The certificate of occupancy is a title document used to certify the legal and ownership status of any land in Nigeria irrespective of its usage. It is a legal document indicating that an owner of a land has been granted statutory right of occupancy by the executive governor of the state where the land situates or a customary right of occupancy by the local government chairman if the land is in a rural area. Right of occupancy is a right to use and occupy land within an approved government layout in accordance with the provisions of the Land Use Act. This is not to be confused with ownership of land therefore a certificate of occupancy is a document that shows the individual disclosed is entitled to the right of occupancy. While this is fantastic, the right is for a maximum of 99 years for residential purpose and from 35 to 70 years for other uses depending on value of improvements

So what happens after the duration? Guess we find out after
Government on the other hand, recognizes the right of indigenes as original owners of lands now under its control therefore releases a part to the community.
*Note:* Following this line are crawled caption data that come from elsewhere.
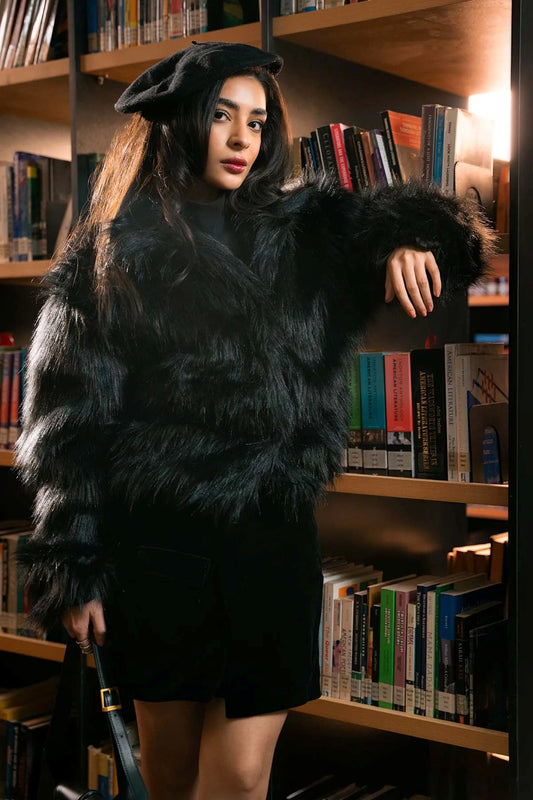 Black Cat jacket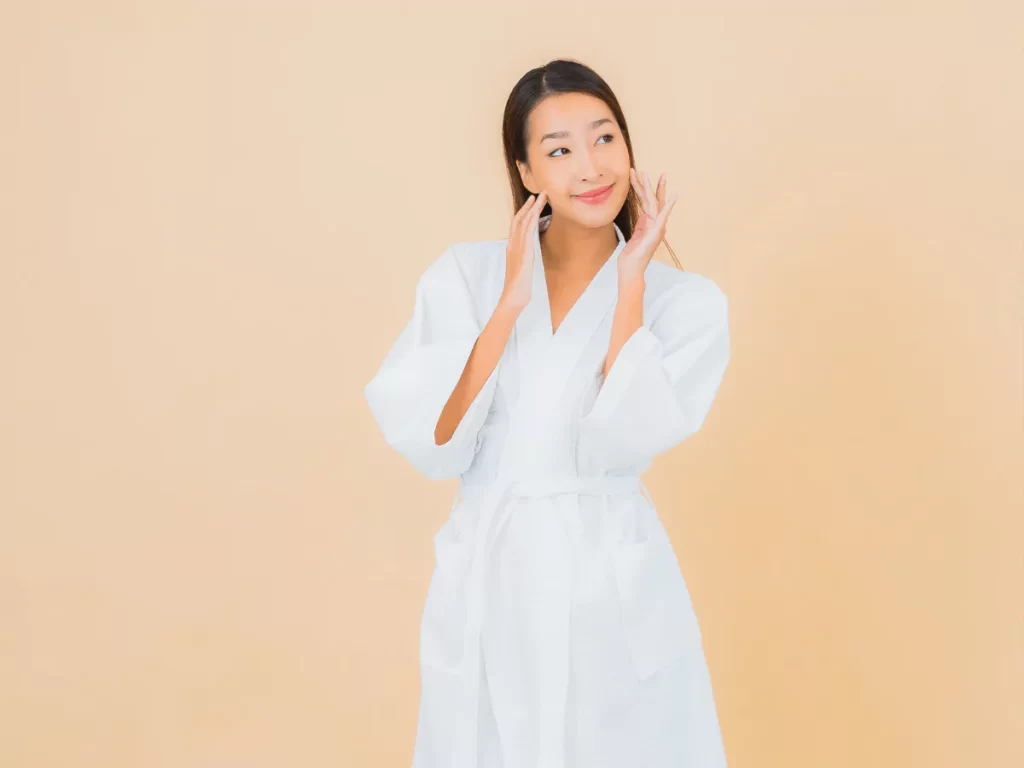 Collagen Modeling Mask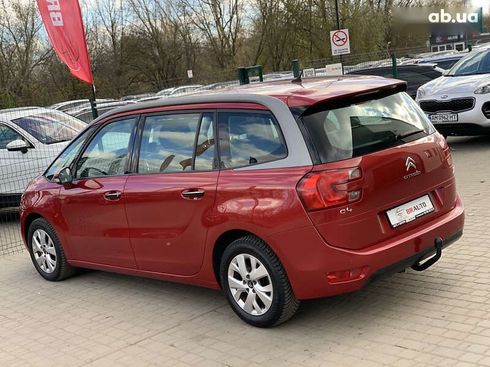 Citroёn c4 grand picasso 2015 - фото 19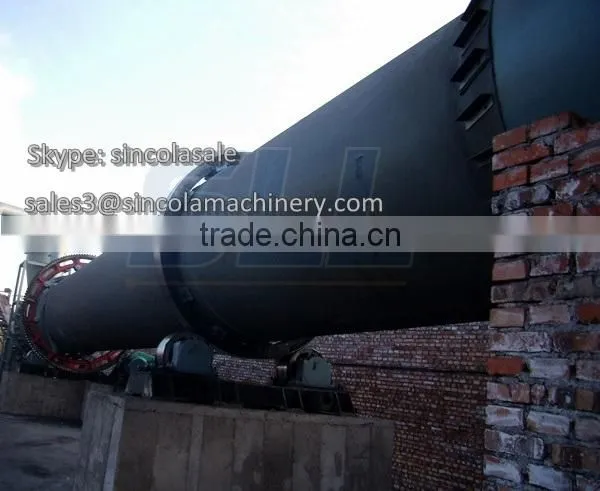 Rotary Kiln Lncinerator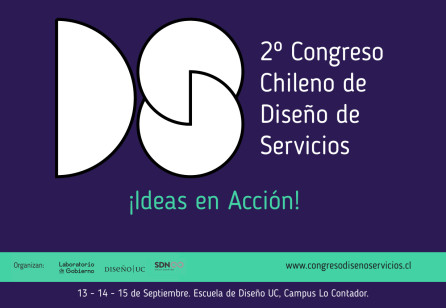 2º Congreso Chileno de Diseño de Servicios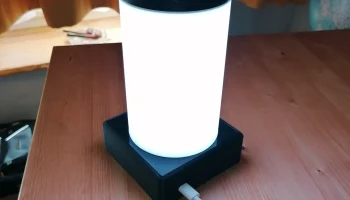 Лампа NeoPixel 3
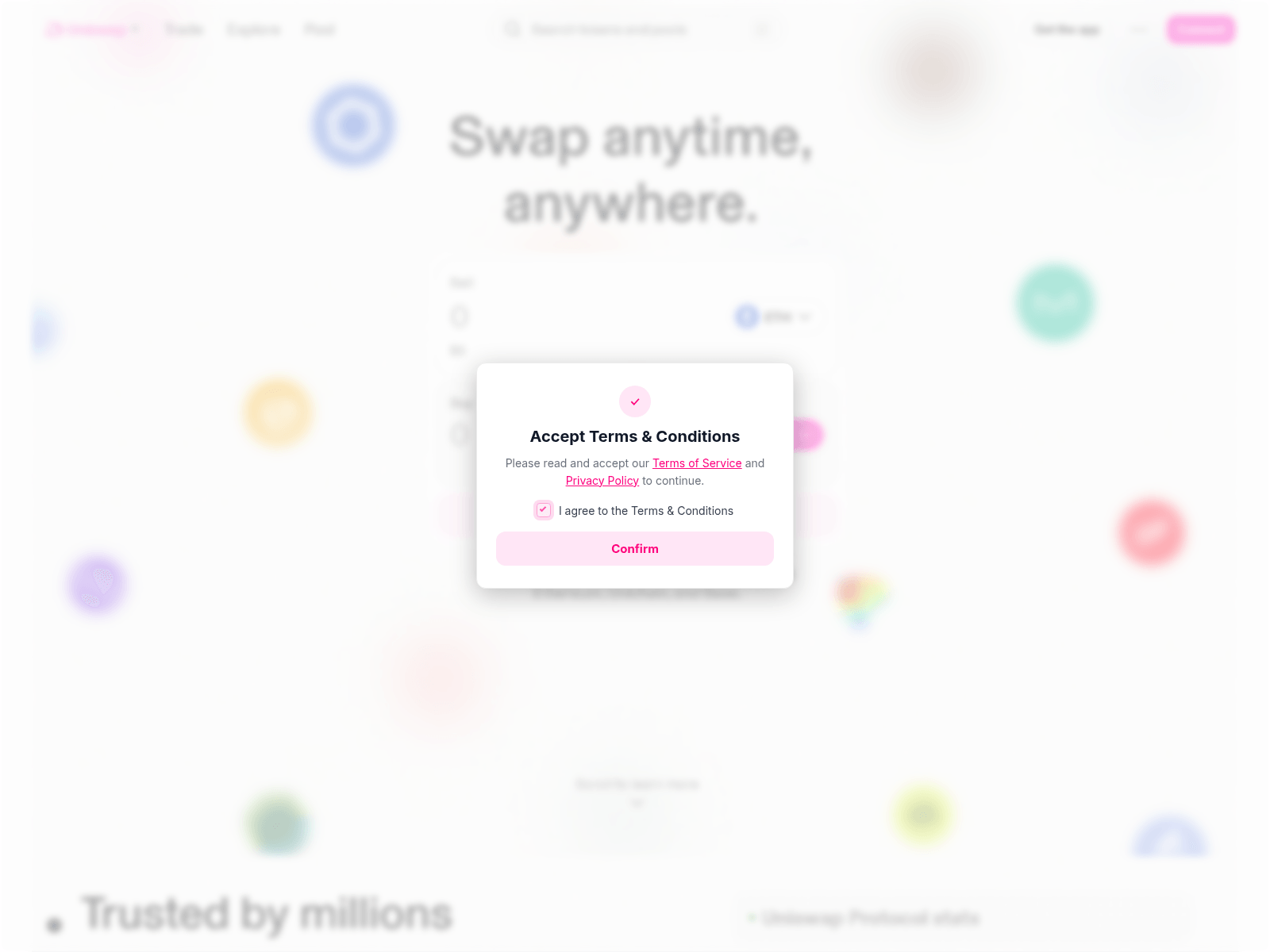 Screenshot of unjthereventsap.com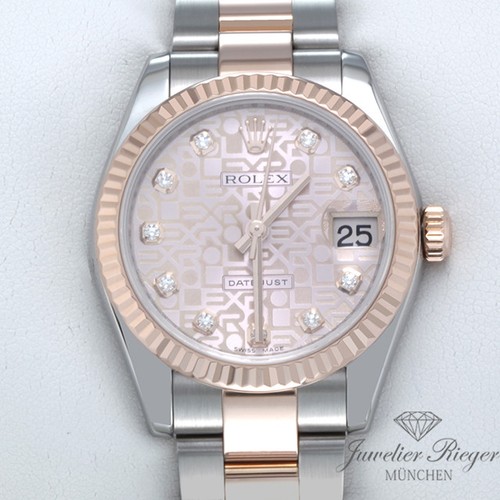 Rolex datejust 178271 - datejust, mm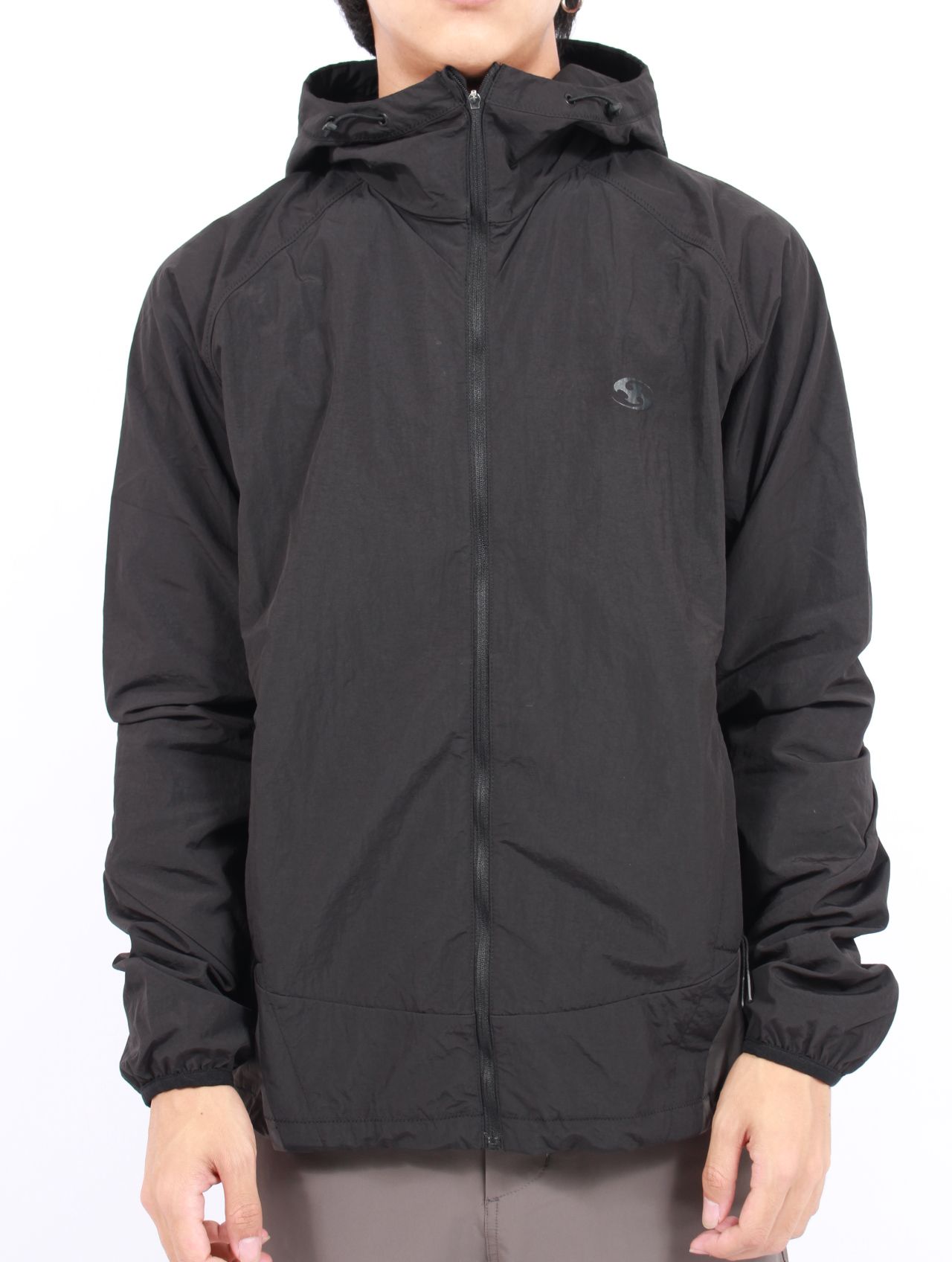 【25AW】アルファ ジャケット / ALPHA JACKET / ブラック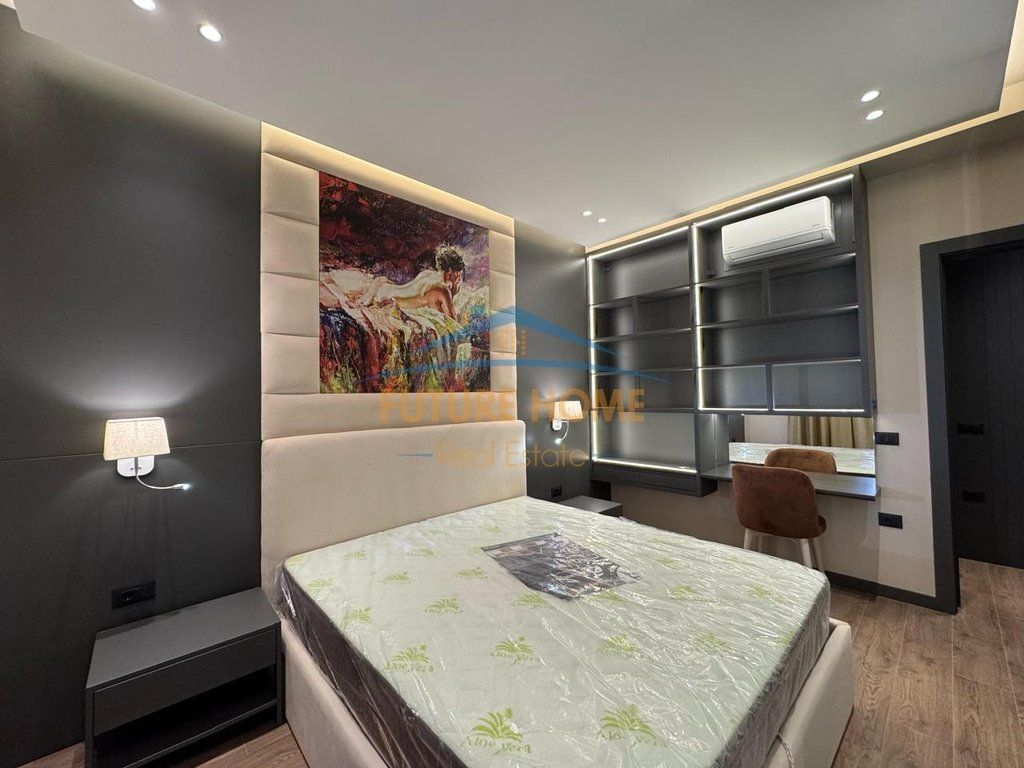 Rent, Apartment 1+1, Delijorgji Complex, Tirana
An excision is taking a part from a whole and the excised part will be documented in the official government gazette of that state which means, a gazette is simply a paper publication to the effect of an excision, an official book where all special government details are spelt out, and recorded. It shows the communities that have been granted excision, the number of acres or hectares of land that the government has given to them within which the traditional family is entitled to sell to the public. Anything outside the excised land is under acquisition by the government and could be seized without compensation even when bought legitimately. Again, the government must compensate buyers in cases of reacquisition of excised plots.

A gazette is therefore a very powerful instrument the community owns and can replace a Certificate of Occupancy to grant title to the villagers without expiration.